言葉を濁す右近を前に、誠之進が提案した。
「ならば当面は私が極秘に調べてみよう」
「誠之進?!」
「なに、私は江戸ではどうせ客分扱いじゃ。三郎ぎみのお世話以外することもない」
破顔する誠之進に右近は曖昧に微笑んだ。
「…三郎ぎみは、いかがお過ごしか?」
「だいぶん落ちつかれたが…」
途端に眉を曇らせた誠之進。
その表情を見るにしのびなく、
「無理もない。日に日に回復していた父君が、突然お亡くなりになったのだからな」
みずから先に慰めの言葉を発し、三郎の話を終わらせようとした。
やはり誠之進の口から三郎の名が出ると、微妙な反応しかできない右近だった。
向いに端座した誠之進は、傍らに置いた己の大刀をじっと見つめていた。
先日、滝川彦四郎と三人で軍鶏を食べにいったとき、右近は誠之進が大刀を替えたことに気付いた。

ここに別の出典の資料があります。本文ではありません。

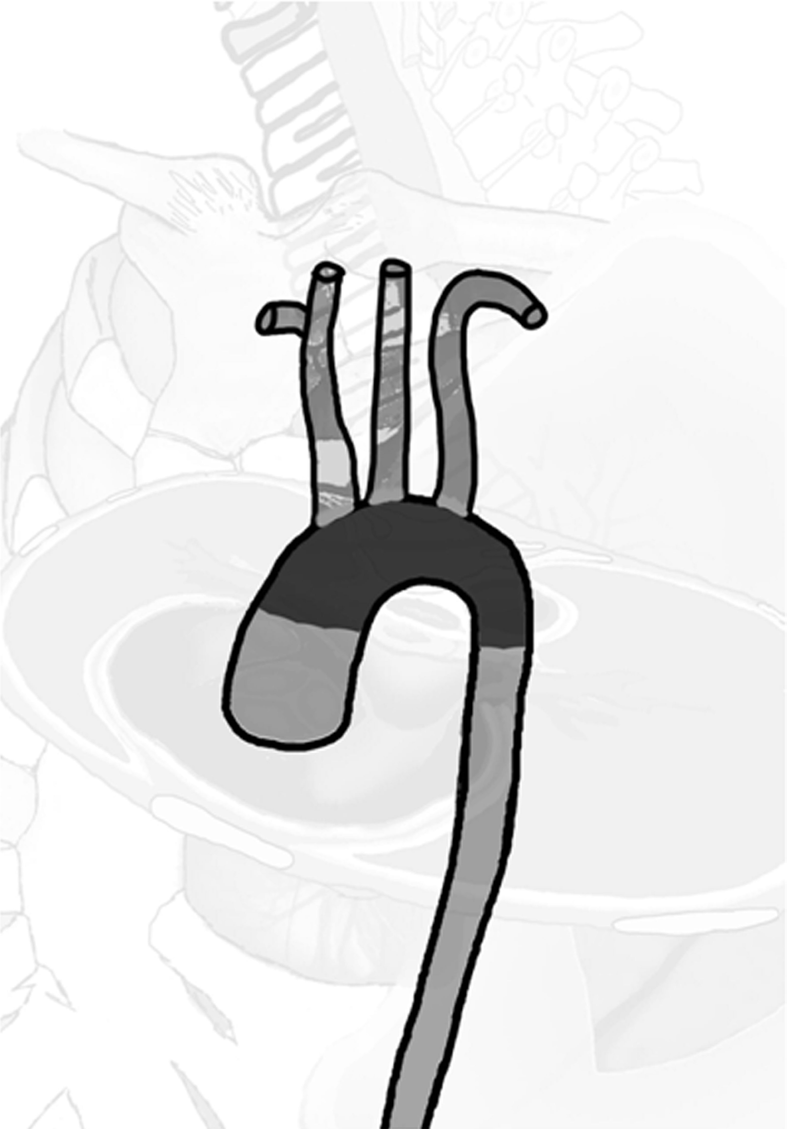 6 Arcus aortae; aorta ascendens in devamı olarak başlar ve açıklığı aşağıya bakan bir kavis çizerek, sol ikinci sternokostal eklemin arkasında (T4 alt kenarı) aorta descendens adını alarak aşağı
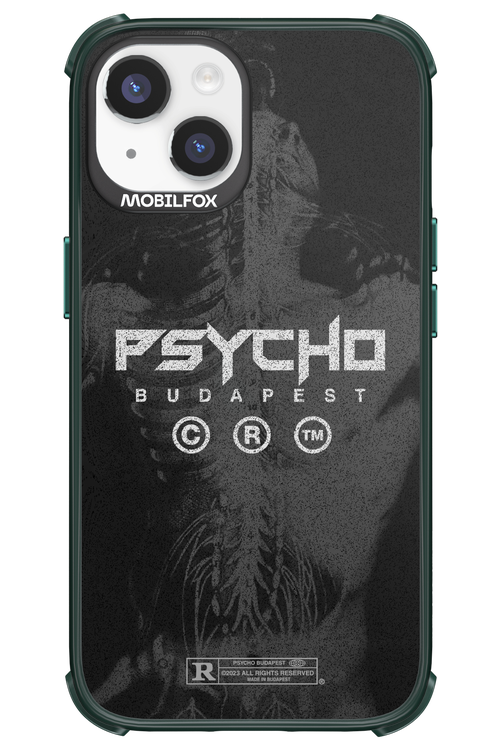 X-Ray - Apple iPhone 14
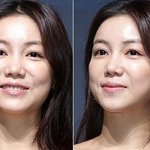 김옥빈 너무늙었네요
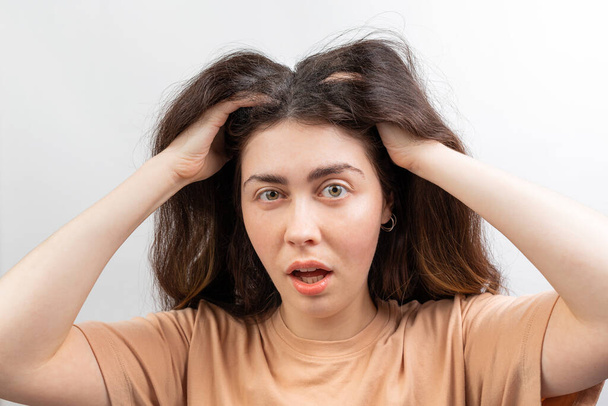 Dandruff, pediculosis and seborrhea. Portrait of a young Caucasian woman, a brunette in a beige t-shirt, who scratches her head with her hand in surprise. White background. - Photo, Image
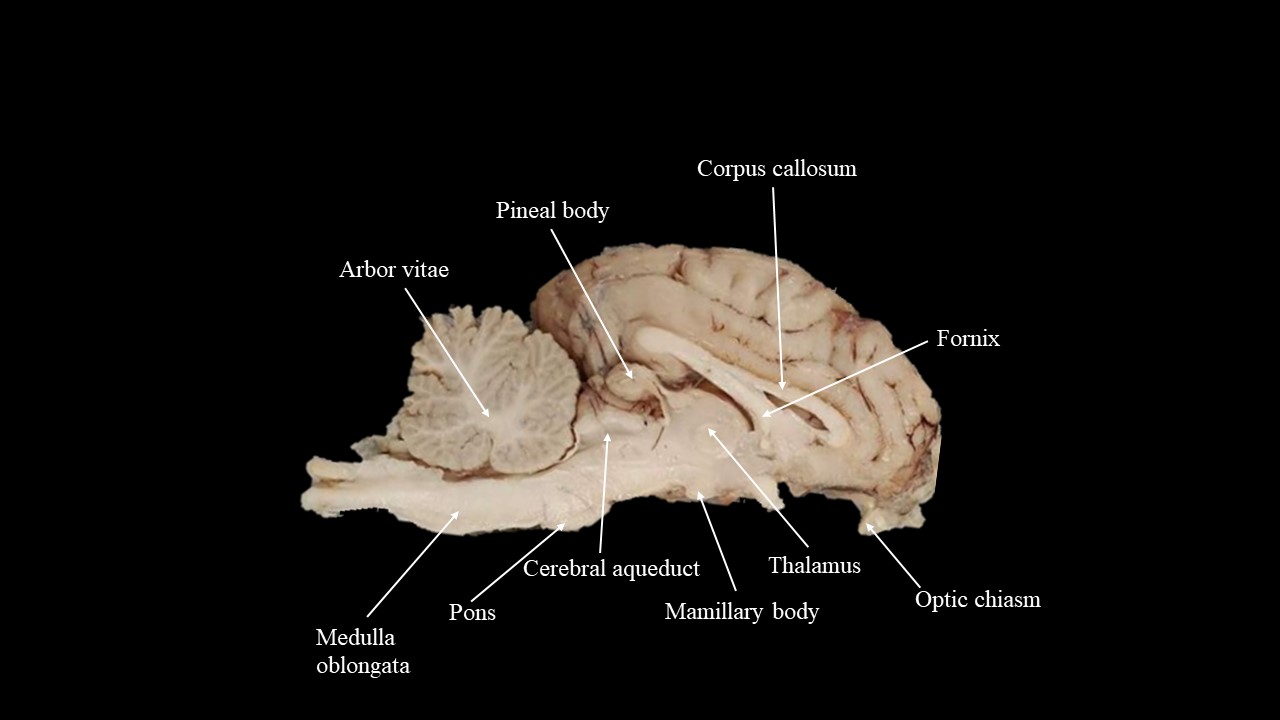 Vista sagital del cerebro de oveja.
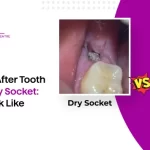 Normal socket after tooth extraction vs Dry Socket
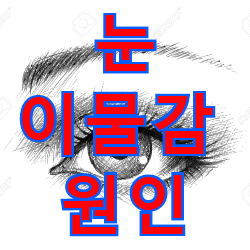  눈 이물감 원인과 해결방법은?(Feat. 안구건조증)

聞けば信輝公からの拝領だという。『和泉守国貞』の大業物だ。
彦四郎が拝領のいきさつを尋ねたところ、
『…あの時の刀じゃ』
誠之進は神妙な顔で小さく呟いた。
彦四郎は小首をかしげたが、右近は瞬時に悟った。
(…誠之進をお手討ちになさろうとした時のものか)
守役の身でありながら三郎と契り出奔をはかった誠之進を、信輝公は一度は手にかけようとした。それを思いとどまり、悩みぬいた末、結局は誠之進にしか三郎を託せぬと一一。
『和泉守国貞』に込められた親心は、誠之進にとって殿様の遺言でもあるのだろう。
父を亡くした三郎を労るだけでなく、誠之進は殿様と自分の主従の絆にも思いを馳せているに違いない。沈思に落ちた誠之進の思考が自分の元へ帰ってくるのを、右近は黙ってひたすら待った。
やがて誠之進は瞳をあげ、話を元へ戻した。
「ともかく…私にまかせてくれぬか。私が退屈しのぎに藩邸内をうろうろしていても、たいして怪しまれぬだろう。大殿がお亡くなりになった前後、御医師の周辺に妙な動きがなかったかどうか探ってみる」
「くれぐれも…内密にな」
「承知」
既に算段があるのだろうか。
誠之進は胸を叩いて引き受けた。
思えば誠之進も三年ほど江戸藩邸で過ごしたことがあるのだ。藩邸のどこへ行けば情報が得られるか、案外右近よりも通じているやもしれぬ。
(私は留守居役の仕事で手一杯…。ここは誠之進の力を借りよう)
「私が未熟者ゆえ、今まで堀田様に随分頼ってきたが…」
「右近…」
「此度は…貴公が江戸にいてよかった」
「うむ」
うなずく誠之進と右近の視線が出会い、ごく自然にからまった。
「借りが…返せるな」
行灯の灯りのもと、誠之進の端正な顔に照れたような笑みが広がった。
『愚かな某をまだ友と呼んでくれるのなら、いつの日か必ずや貴公の友誼に報いたいとおもう……万一江戸で困ったことがあれば必ず知らせてくれ。今度こそ某が貴公の役にたちたいのだ…約束してくれ、右近』
(なにも肩肘はることはない。誠之進の厚意に素直に甘えればよいのだ…)
もう何度も読み、覚えてしまった誠之進の手紙の一節を、右近は胸の裡で繰り返していた。